Renal and Electrolyte Division, Department of Medicine, University of Pittsburgh School of Medicine, Pittsburgh, PA, USA.
Immunol Rev. 2021 Jan;299(1):31-44. doi: 10.1111/imr.12933. Epub 2021 Jan 22.
Regulatory B cells (Bregs) ameliorate autoimmune disease and prevent allograft rejection. Conversely, they hinder effective clearance of pathogens and malignancies. Breg activity is mainly attributed to IL-10 expression, but also utilizes additional regulatory mechanisms such as TGF-β, FasL, IL-35, and TIGIT. Although Bregs are present in various subsets defined by phenotypic markers (including canonical B cell subsets), our understanding of Bregs has been limited by the lack of a broadly inclusive and specific phenotypic or transcriptional marker. TIM-1, a broad marker for Bregs first identified in transplant models, plays a major role in Breg maintenance and induction. Here, we expand on the role of TIM-1 Bregs in immune tolerance and propose TIM-1 as a unifying marker for Bregs that utilize various inhibitory mechanisms in addition to IL-10. Further, this review provides an in-depth assessment of our understanding of Bregs in transplantation as elucidated in murine models and clinical studies. These studies highlight the major contribution of Bregs in preventing allograft rejection, and their ability to serve as highly predictive biomarkers for clinical transplant outcomes.
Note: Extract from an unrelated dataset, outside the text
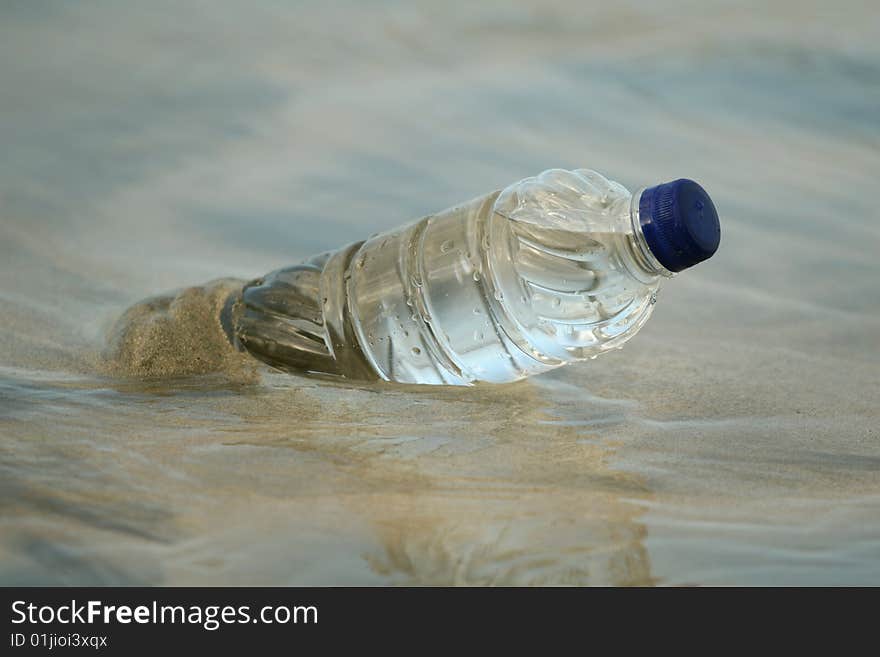 Plastic bottle in water on the sand beach. Plastic bottle in water on the sand beach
调节性 B 细胞(Bregs)可减轻自身免疫性疾病并预防同种异体移植物排斥。相反,它们会阻碍对病原体和恶性肿瘤的有效清除。Breg 的活性主要归因于 IL-10 的表达,但也利用了其他调节机制,如 TGF-β、FasL、IL-35 和 TIGIT。尽管 Bregs 存在于各种表型标志物定义的亚群中(包括经典 B 细胞亚群),但由于缺乏广泛包容性和特异性的表型或转录标志物,我们对 Bregs 的理解受到了限制。TIM-1 是在移植模型中首次鉴定的 Bregs 的广谱标志物,在 Breg 的维持和诱导中起主要作用。在这里,我们扩展了 TIM-1+Bregs 在免疫耐受中的作用,并提出 TIM-1 作为一种统一的标志物,用于除了 IL-10 之外还利用各种抑制机制的 Bregs。此外,本综述深入评估了我们在小鼠模型和临床研究中对移植中 Bregs 的理解。这些研究强调了 Bregs 在预防同种异体移植物排斥中的重要作用,以及它们作为临床移植结果的高度预测性生物标志物的能力。